In this tutorial, you learn the basics of querying files in SQL by creating and querying a CSV file.

Before You Begin

To complete this tutorial, you need the following:

Prerequisites Useful resources

A Hazelcast cluster in client/server mode and an instance of Management Center running on your local network.

A connection to the SQL shell

Step 1. Create a Data Source to Query

SQL can query data in maps, Kafka topics and the local cluster’s file system.

In this step, you create a CSV file that you can use to query.

  1. Create a file named likes.csv.

  2. Add the following data to your file.

    id,name,likes
    1,Jerry,13
    2,Greg,108
    3,Mary,73
    4,Jerry,88

    This example file contains a record of the number of likes each person has.

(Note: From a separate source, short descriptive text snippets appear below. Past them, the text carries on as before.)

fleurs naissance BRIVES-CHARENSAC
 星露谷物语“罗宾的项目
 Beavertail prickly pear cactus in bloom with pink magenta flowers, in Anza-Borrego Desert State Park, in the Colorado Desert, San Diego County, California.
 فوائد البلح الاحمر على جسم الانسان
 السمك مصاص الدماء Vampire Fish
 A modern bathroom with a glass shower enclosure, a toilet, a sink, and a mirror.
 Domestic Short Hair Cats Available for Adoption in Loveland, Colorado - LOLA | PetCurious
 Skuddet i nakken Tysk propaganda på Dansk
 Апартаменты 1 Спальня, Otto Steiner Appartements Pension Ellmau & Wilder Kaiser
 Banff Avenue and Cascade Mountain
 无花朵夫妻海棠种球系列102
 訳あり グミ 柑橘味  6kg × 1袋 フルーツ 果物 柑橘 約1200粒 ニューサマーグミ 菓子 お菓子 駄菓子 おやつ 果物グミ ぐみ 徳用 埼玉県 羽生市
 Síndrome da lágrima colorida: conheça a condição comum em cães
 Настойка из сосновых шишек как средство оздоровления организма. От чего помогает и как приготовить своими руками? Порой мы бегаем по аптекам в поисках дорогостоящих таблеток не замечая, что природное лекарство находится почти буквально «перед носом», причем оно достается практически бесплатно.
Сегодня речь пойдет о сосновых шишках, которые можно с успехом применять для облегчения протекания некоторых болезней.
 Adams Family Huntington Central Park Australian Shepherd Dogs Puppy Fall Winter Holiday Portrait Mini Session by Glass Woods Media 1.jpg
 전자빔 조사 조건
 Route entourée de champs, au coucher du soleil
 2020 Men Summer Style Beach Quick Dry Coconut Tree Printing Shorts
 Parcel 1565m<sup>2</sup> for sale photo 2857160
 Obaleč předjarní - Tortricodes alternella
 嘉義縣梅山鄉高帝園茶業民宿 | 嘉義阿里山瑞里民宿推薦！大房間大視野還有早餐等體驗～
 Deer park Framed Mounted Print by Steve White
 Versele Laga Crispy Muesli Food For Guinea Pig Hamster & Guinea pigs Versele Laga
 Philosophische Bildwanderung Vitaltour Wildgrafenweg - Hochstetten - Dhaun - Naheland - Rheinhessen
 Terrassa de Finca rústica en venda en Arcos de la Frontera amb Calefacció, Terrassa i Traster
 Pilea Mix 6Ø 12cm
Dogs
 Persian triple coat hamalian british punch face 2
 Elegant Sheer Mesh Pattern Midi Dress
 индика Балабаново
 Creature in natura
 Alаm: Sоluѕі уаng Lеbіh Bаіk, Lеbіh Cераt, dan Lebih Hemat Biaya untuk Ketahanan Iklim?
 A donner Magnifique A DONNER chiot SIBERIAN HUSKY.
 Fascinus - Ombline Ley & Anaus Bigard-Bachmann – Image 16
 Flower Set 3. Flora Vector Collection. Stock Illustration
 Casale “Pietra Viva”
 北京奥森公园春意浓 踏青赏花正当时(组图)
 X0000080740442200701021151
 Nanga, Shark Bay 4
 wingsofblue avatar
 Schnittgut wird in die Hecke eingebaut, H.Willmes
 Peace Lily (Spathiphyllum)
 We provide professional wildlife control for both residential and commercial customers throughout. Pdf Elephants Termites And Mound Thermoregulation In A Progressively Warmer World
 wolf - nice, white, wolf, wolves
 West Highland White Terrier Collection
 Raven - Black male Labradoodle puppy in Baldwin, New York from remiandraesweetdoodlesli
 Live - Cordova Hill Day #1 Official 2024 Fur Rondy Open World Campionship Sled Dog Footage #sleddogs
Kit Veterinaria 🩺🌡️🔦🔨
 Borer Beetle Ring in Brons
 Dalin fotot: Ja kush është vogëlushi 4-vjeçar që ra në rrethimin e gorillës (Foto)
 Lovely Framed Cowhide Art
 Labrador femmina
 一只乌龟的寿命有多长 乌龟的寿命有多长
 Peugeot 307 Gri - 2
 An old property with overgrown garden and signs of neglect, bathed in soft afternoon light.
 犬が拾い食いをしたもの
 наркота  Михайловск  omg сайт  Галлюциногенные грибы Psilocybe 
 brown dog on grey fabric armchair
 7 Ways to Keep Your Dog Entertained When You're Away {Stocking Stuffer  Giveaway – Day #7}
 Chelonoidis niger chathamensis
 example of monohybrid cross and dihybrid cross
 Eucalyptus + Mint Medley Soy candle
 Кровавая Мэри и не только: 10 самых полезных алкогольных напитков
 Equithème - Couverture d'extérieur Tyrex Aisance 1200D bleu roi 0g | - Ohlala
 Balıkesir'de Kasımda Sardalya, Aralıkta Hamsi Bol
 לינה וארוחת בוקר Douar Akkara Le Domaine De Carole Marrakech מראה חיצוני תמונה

Step 2. Create a Mapping to the File

To allow Hazelcast to find and recognize the data in your CSV file, you need to create a mapping to it.

In the SQL shell, use the CREATE MAPPING statement to configure the file connector and give Hazelcast access to the data in the likes.csv file.

CREATE MAPPING csv_likes (id INT, name VARCHAR, likes INT)
TYPE File
OPTIONS ('format'='csv',
    'path'='/absolute/path/to/current/directory', 'glob'='likes.csv');
Make sure you replace the path option with the absolute path to your CSV file.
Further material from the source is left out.